May 15, 1908 – Character Designer, Storyman, and Disney Legend Joe Grant is Born
“I think there was always a gentle sweetness to Joe and his work. There’s a gentility in everything he touched. But there’s also a great sophistication. He was one of the truly great craftsmen of our art, but he always saw his craft as a way to communicate ideas.” – Roy E. Disney
On May 15, 1908, Joe Grant was born in New York City. After attending the Chouinard Art Institute, he joined the Walt Disney Studios in 1933 as a character designer and a story artist, and his first assignment was the Mickey Mouse short film Mickey’s Gala Premiere. He also designed the look of the Queen and the Wicked Witch for Disney’s first feature film, Snow White and the Seven Dwarfs. The Character Model Department was created around this time, with Grant as the head, working out ideas for stories and characters through model sheets and three-dimension figures known as maquettes.
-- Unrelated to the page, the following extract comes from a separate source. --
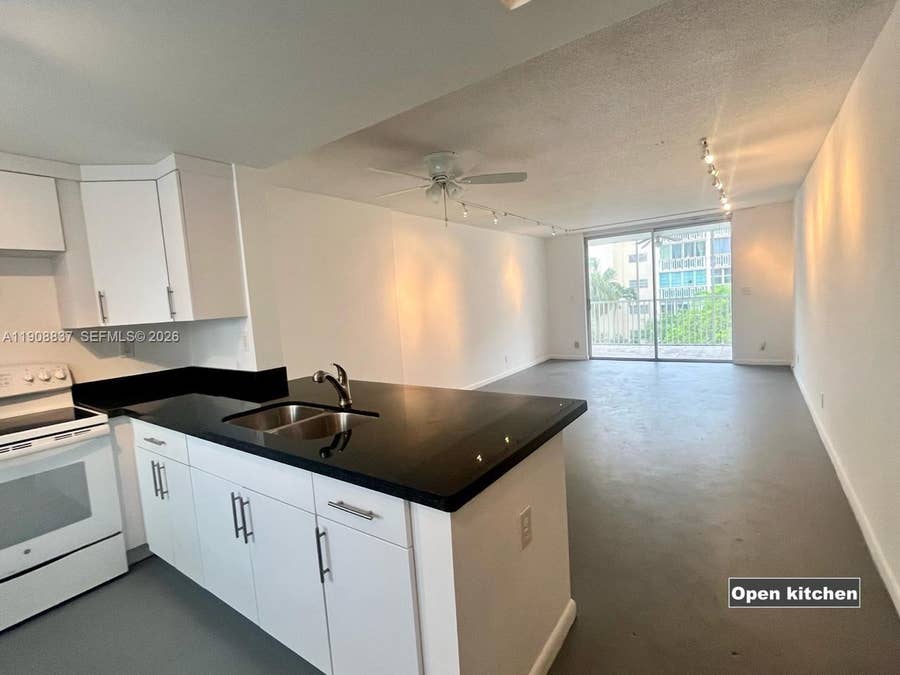 Property photo for 619 NE 14th Avenue, #304, Hallandale Beach, FL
Grant was also known for his work with partner Dick Huemer, working on story direction for Fantasia, and screen story for Dumbo. During World War II, Grant worked on story ideas and designs for several shorts, including Reason and Emotion, and Der Fuehrer’s Face. In 1949, Grant left the studio, due to the disbandment of the Character Model Department, and opened a ceramics studio and a greeting card company.
Almost forty years after leaving Disney, Grant received a call from the Animation Department, asking him to consult on Beauty and the Beast, and was credited for visual development on the final film. Grant then rejoined the studio as a story advisor for Pocahontas, The Hunchback of Notre Dame, and Home on the Range. Grant also contributed to the Pixar film Monsters, Inc., coining the title for the film. He was named a Disney Legend in 1992, and has been awarded a special career achievement award by the Los Angeles Film Critics Association. Grant passed away on May 6, 2005, at the age of 96.